The financial costs associated with cyberattacks has been demonstrated once again, after authentication specialist Okta admitted it has been breached again.
Last Friday, Okta in a blog post admitted that an unidentified hacking group had accessed client files through a support system. The company did not provide exact details, other than a set of technical identifiers.
The news had an immediate impact on Okta’s share price, which dropped 11 percent from a Friday high of $83.63. On Monday the share price continued to fall another 8.1 percent, wiping more than $2 billion off the market value of the firm.
Things have still not improved as of Wednesday afternoon, with its share price down a further 4 percent to $69.03, valuing the firm at $11.3 billion.
Okta makes identity management solutions and is a high-profile target for hackers.
In March 2022 Okta famously admitted that it “made a mistake” and “would have made a different decision” over its lengthy breach admission last year.
The 2022 incident occurred when Okta discovered it had been hacked by the Brazilian-based hacking group Lapsus$, and the extortionist group then posted screenshots on its Telegram channel of what it claimed was internal Okta information.
At first Okta had denied it was breached, and said the alleged hack could be related to a previously undisclosed incident in January 2022 that had since been contained.
The fact that it took the firm over two months to notify people of that incident, coupled with chief security officer, David Bradbury insisting that there was “no corrective actions that need to be taken by our customers,” did not go down well in some quarters at that time.
Matters were not helped when Okta later admitted that 2.5 percent of its customers were potentially impacted in the 2022 breach.
Okta has also been at the centre of other higher-profile incidents.
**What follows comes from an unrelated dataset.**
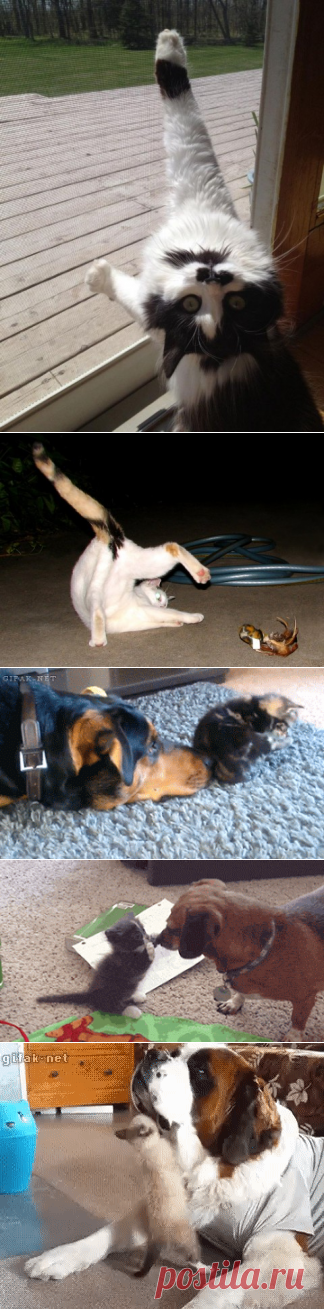 Мы откроем вам правду! Дружба кошки и собаки в забавных гифках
Earlier this year, for example, casino giants Caesars and MGM were both affected by hacks.
Caesars was reportedly forced to pay millions in ransom to a hacking group.
MGM had to shut down critical systems that it acknowledged would have a material effect on its bottom line in an SEC filing.
The direct and indirect losses from those incidents totalled over $100 million, CNBC reported.
Both those attacks targeted MGM and Caesars’ Okta installations, using a sophisticated social engineering attack that went through IT help desks.
Three other companies were also targeted by the hacking group, an Okta executive reportedly told Reuters.
In the data breach disclosed last week, Okta said it had “identified adversarial activity that leveraged access to a stolen credential to access Okta’s support case management system.”
“The threat actor was able to view files uploaded by certain Okta customers as part of recent support cases,” the firm said. “It should be noted that the Okta support case management system is separate from the production Okta service, which is fully operational and has not been impacted. In addition, the Auth0/CIC case management system is not impacted by this incident.”
Okta said all customers who were impacted by this have been notified.
But according to the CNBC report, at least one of those clients said it had alerted Okta about a potential breach weeks earlier.
In a separate post last Friday, identity management firm BeyondTrust said it had told Okta’s security teams about suspicious activity in BeyondTrust’s own Okta systems on 2 October.
Okta didn’t initially acknowledge the incident as a breach after BeyondTrust alerted the company, despite what BeyondTrust described as concerns that “there was a high likelihood of compromise within Okta support and that we were likely not the only customer impacted.”
“We raised our concerns of a breach to Okta on October 2nd,” BeyondTrust blogged. “Having received no acknowledgement from Okta of a possible breach, we persisted with escalations within Okta until October 19th when Okta security leadership notified us that they had indeed experienced a breach and we were one of their affected customers.”
Meanwhile Jake Williams, faculty member at cybersecurity consultants IANS Research and a former hacker for the US National Security Agency (NSA), offered his insight into the incident.
“The issue is bigger than Okta,” said Williams. “It’s unfortunately common for service providers of any size to have trouble believing they are the source of an incident until definitive proof is offered.”
“There’s a pattern here with Okta, and it involves outsourced support,” said Williams. “Okta’s suggestion – that somehow the customer must be responsible for stripping session tokens from the files they specifically request for troubleshooting purposes – is absurd. That’s like handing a knife to a toddler and then blaming the toddler for bleeding.”